Ook het toezicht door de overheid op het risico- en sanctiebeleid wordt primair bepaald
door ICAO-normen. Deze normen werken over het algemeen door in de Nederlandse rechtsorde
nadat ze zijn omgezet in de Nederlandse regelgeving (Wet luchtvaart en Luchtvaartwet)
en Europese verordeningen.
Of en in hoeverre de Staat toezicht kan houden op het risicobeleid van vliegtuigmaatschappijen
wordt bepaald door de volgende uitgangspunten uit het ICAO-verdrag:
1. Elke verdragsstaat is soeverein over het eigen luchtruim (artikel 1).
2. Elke verdragsstaat ziet er op toe dat in het eigen luchtruim de ICAO-normen worden
opgevolgd (artikel 12).
3. Elke verdragsstaat ziet erop toe dat de eigen luchtvaartmaatschappijen ook in het
buitenland de veiligheidsvoorschriften opvolgen (artikel 12).

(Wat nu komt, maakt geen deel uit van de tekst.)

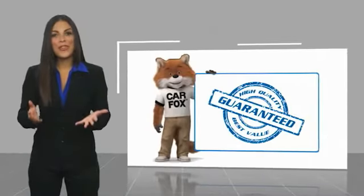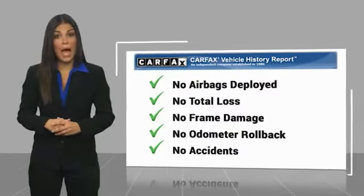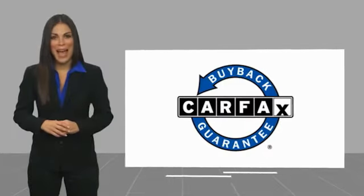Here's another high quality vehicle with a CARFAX Vehicle History Report. Be sure to find a complimentary copy of this report online or contact the dealership. This vehicle qualifies for the CARFAX Buy Back Guarantee.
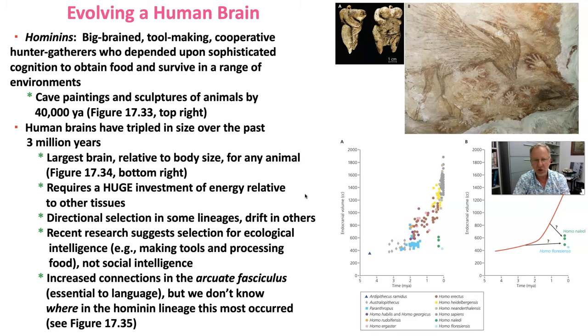Our big brains require a huge investment of energy relative to other tissues. Our ability to hunt and to process food was probably a key feature that allowed our brains to evolve and get bigger. We have evidence of directional selection in some lineages of humans and evidence of genetic drift in others, and those key mechanisms help explain the expansive size of brains in various hominids.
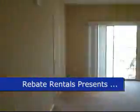RebateRentals.com presents Summer Key Condominiums. This is a three-bedroom, two-bath condominium flat.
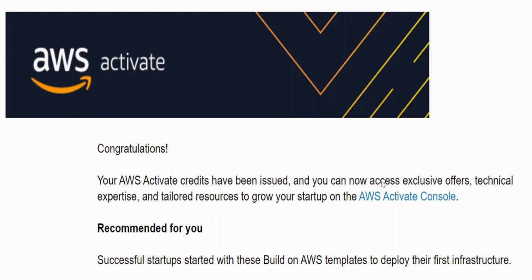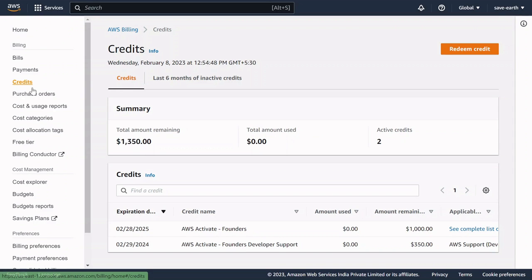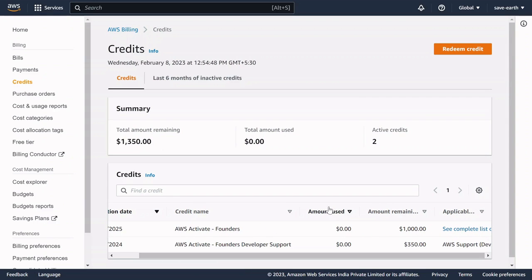Once your application is validated and AWS decides to offer you the credit, you will receive an email notification at the address you used to register for AWS Activate and create your AWS account. After receiving that email, log into your AWS account, navigate to the billing and accounting section, click on Credits, and scroll down to see details such as the date the credit was granted, its expiration date, how much you've used, and how much remains.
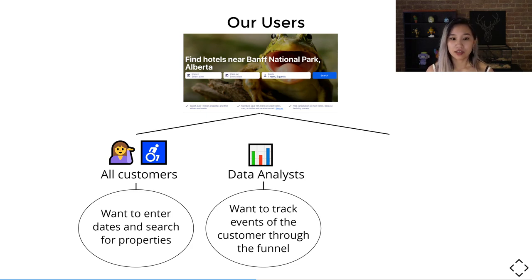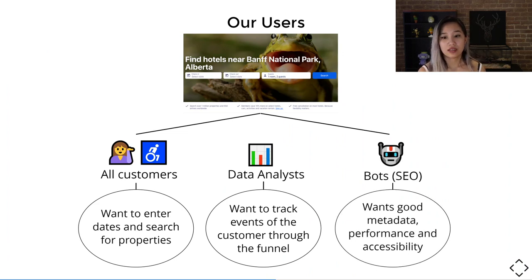Then we have data analysts. These are people that are not really our customers, but they are going to track events of the customer through the page, making sure our page is running properly and seeing if there's anything we can improve. Finally, we have our bots — the non-people that crawl through our pages and give us a score, making sure we have good rankings and are following proper practices. What they want is good metadata, performance, and accessibility. This is very important to us at Expedia because we want to rank as high as possible in search engines.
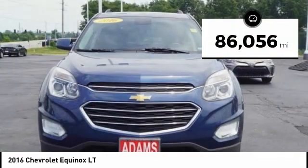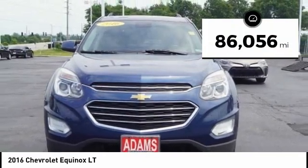This vehicle has less than 90,000 miles. Here are some of this vehicle's great options.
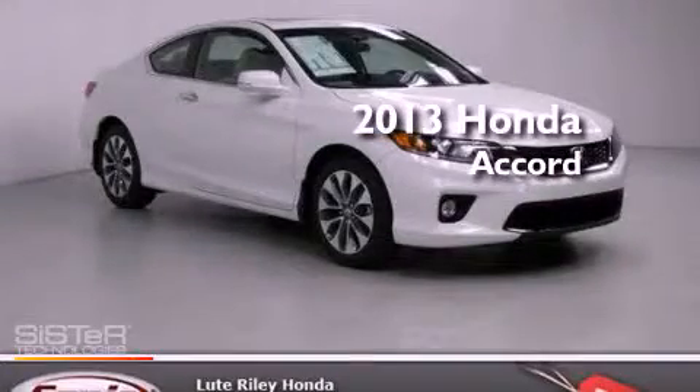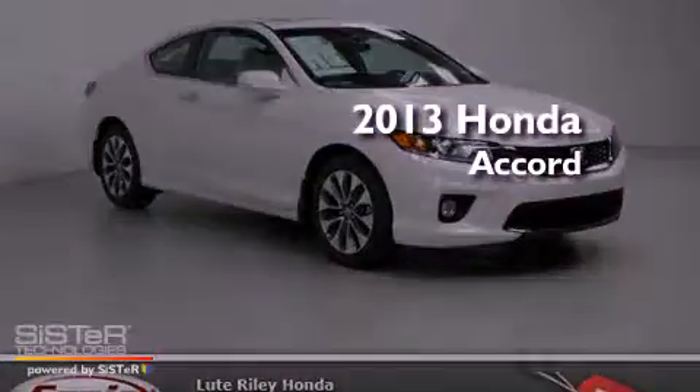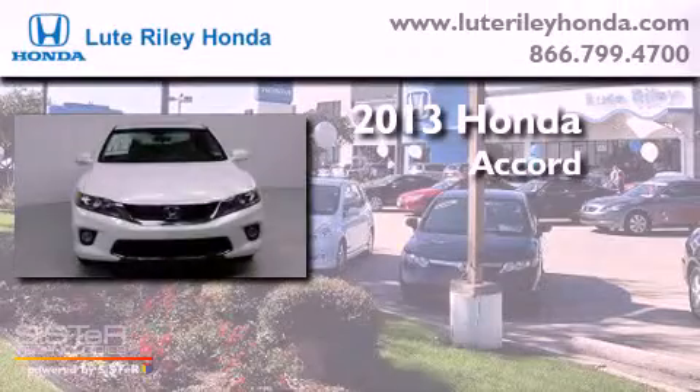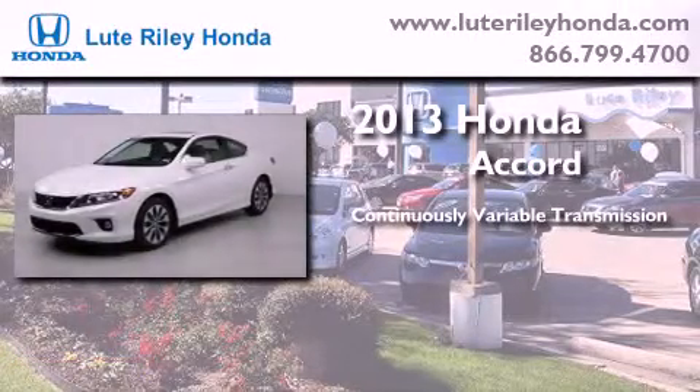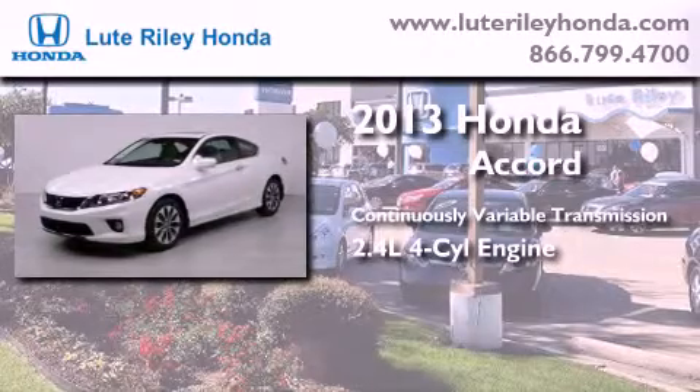This is a brand-new 2013 Honda Accord. This four-door sedan has a continuously variable transmission and an inline four-cylinder engine.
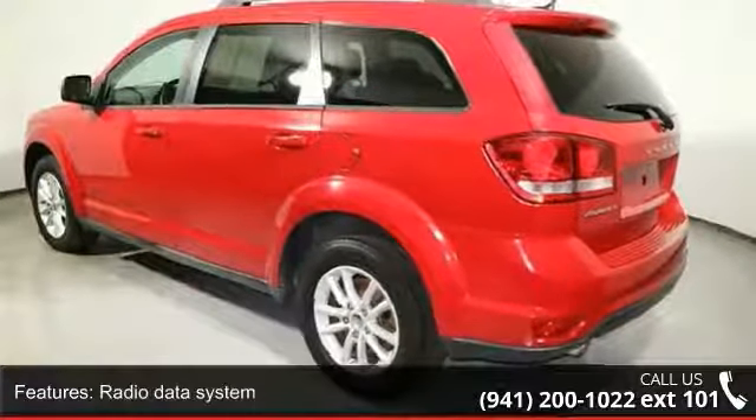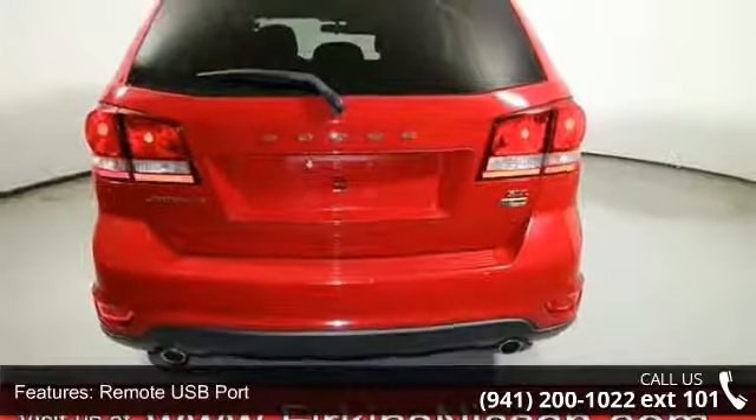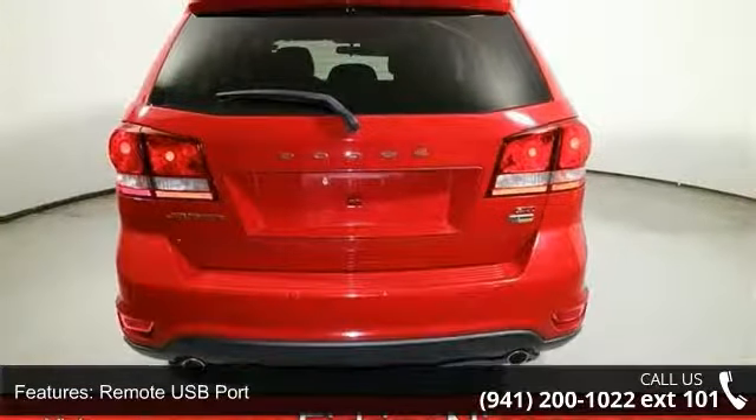Air conditioning, rear window defroster, power steering and power windows. Don't let this vehicle get away — call or click to schedule a test drive today.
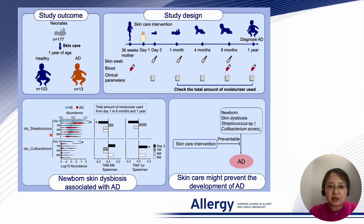Interestingly, we found that regular use of moisturizer could help balance their skin microbiome, indicating the potential of a simple skincare routine to foster healthier skin.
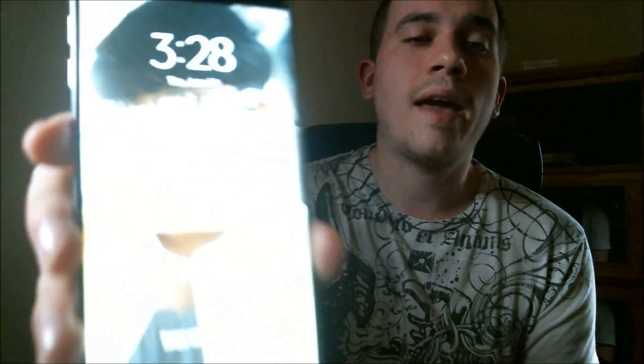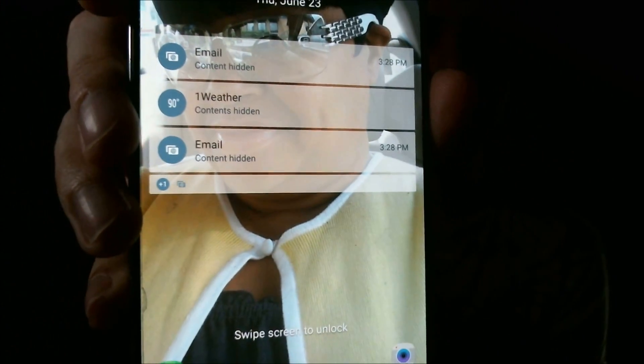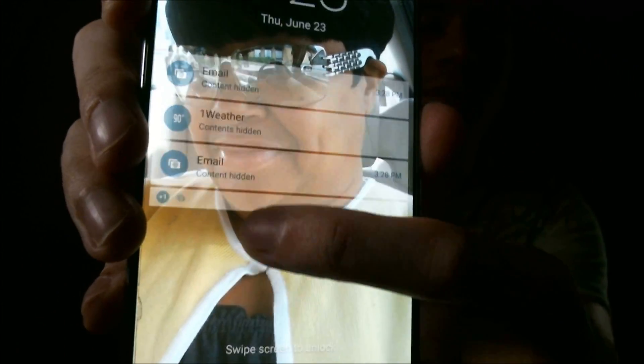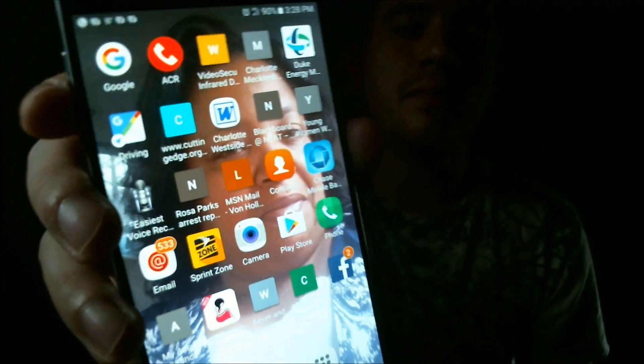Now that we have the phone rebooted, we're looking at the same screen with the notifications again. And this time when I swipe the screen — there we go — no PIN lock. We now have it completely opened up, we can see the home screen. The phone is fully able to be used and we did not delete any of the information on it. That PIN lock has been removed and the phone is fully accessible again. That applies no matter if it's a PIN lock, a pattern lock, or fingerprints — anything of that nature can all be removed by my service.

De Nederlandse formele wetgever heeft deze uitgangspunten in hoofdstuk 5 van de Wet
luchtvaart ingevuld met een aantal ge- en verbodsbepalingen. Een deel van die voorschriften
ziet uitdrukkelijk mede toe op het gedrag van Nederlandse luchtvaartuigen in buitenlands
luchtruim. Die moeten zich daar aan de ter plaatse geldende regels houden. De Wet
luchtvaart bevat geen grondslag voor het opleggen van een vliegverbod aan Nederlandse
luchtvaartuigen voor het vliegen in buitenlands luchtruim.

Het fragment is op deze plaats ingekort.